L’appelant sollicite la somme de 1.175 euros sur la base de 47 jours à 25 euros tandis que, pour sa part, la société [7] considère que le taux maximum réclamé n’a pas à s’appliquer en l’absence au dossier de tout élément de gravité.
La somme de 920 euros sera accordée pour ce poste de préjudice sur la base de 46 jours au taux journalier intermédiaire de 20 euros justifié par le caractère invalidant d’une lombalgie.
Sur les souffrances endurées avant consolidation
Il s’agit des souffrances physiques et morales subies par la victime jusqu’à la consolidation.
M. [R] demande à ce titre la somme de 3.000 euros en rappelant que ce poste de préjudice couvre les atteintes à l’intégrité, la dignité et l’intimité ainsi que les douleurs résultant des traitements et hospitalisations.
La société [7] souligne que ce poste de préjudice a été retenu au minimum par l’expert comme correspondant à des souffrances 'très légères', le référentiel des cours d’appel préconisant une indemnisation à hauteur de 2.000 euros.

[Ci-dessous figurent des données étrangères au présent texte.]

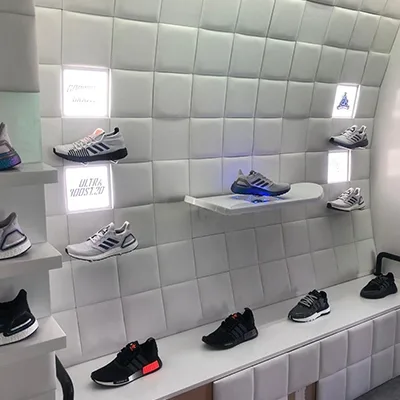 adidas-sneaker-retail-display-illuminated-wall.webp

Le rapport d’expertise précise que la prise en charge s’est faite en ambulatoire sans hospitalisation avec un traitement antalgique et une kinésithérapie également en ambulatoire.
Dans ces conditions la somme de 2.000 euros correspond à l’évaluation de 1 / 7 dans le référentiel communément appliqué constitue une juste réparation.
La somme de 2.000 euros sera donc accordée en réparation des souffrances endurées avant consolidation.
La CGSSR fera l’avance des sommes ci-dessus allouées et pourra en poursuivre le recouvrement à l’encontre de la société [7] comme l’a prévu par application de l’article L. 452-3 du code de la sécurité sociale le précédent arrêt.
Sur les dépens et l’application de l’article 700 du code de procédure civile
Il convient d’infirmer le jugement entrepris qui avait condamné M. [R] aux dépens et de mettre à la charge de la société [7] les dépens de première instance et d’appel ainsi, en équité, qu’une somme de 2.000 euros en application de l’article 700 du code de procédure civile, étant rappelé que les frais d’expertise dont la CGSSR a fait l’avance pourront être recouvrés par celle-ci dans le cadre de son action récursoire à l’encontre de l’employeur comme le prévoit également le précédent arrêt.
PAR CES MOTIFS
La cour statuant publiquement, par arrêt contradictoire mis à disposition au greffe,
Vu l’arrêt du 05 juillet 2022,
Vu le rapport d’expertise déposé par le Docteur [U] du 06 novembre 2023,
Fixe les sommes allouées en réparation des préjudices personnels subis par M. [Y] [K] [V] [R] du fait de l’accident du travail dont il a été victime le 17 juin 2016 comme suit
— déficit fonctionnel temporaire : 151,80 euros,
— tierce personne temporaire : 920 euros,
— souffrances endurées : 2.000 euros,
Rappelle que la Caisse générale de sécurité sociale de la Réunion fera l’avance des sommes ainsi accordées au profit de M. [Y] [K] [V] [R] et pourra en poursuivre le recouvrement à l’encontre de la société [7],
Condamne la société [7], prise en la personne de son représentant légal, aux dépens de première instance et d’appel,
Condamne la société [7], prise en la personne de son représentant légal, à payer à M. [Y] [K] [V] [R] la somme de 2.000 euros en application de l’article 700 du code de procédure civile.
Le présent arrêt a été signé par Madame Corinne Jacquemin, présidente de chambre, et par Mme Delphine Schuft, greffière, à laquelle la minute de la décision a été remise par le magistrat signataire.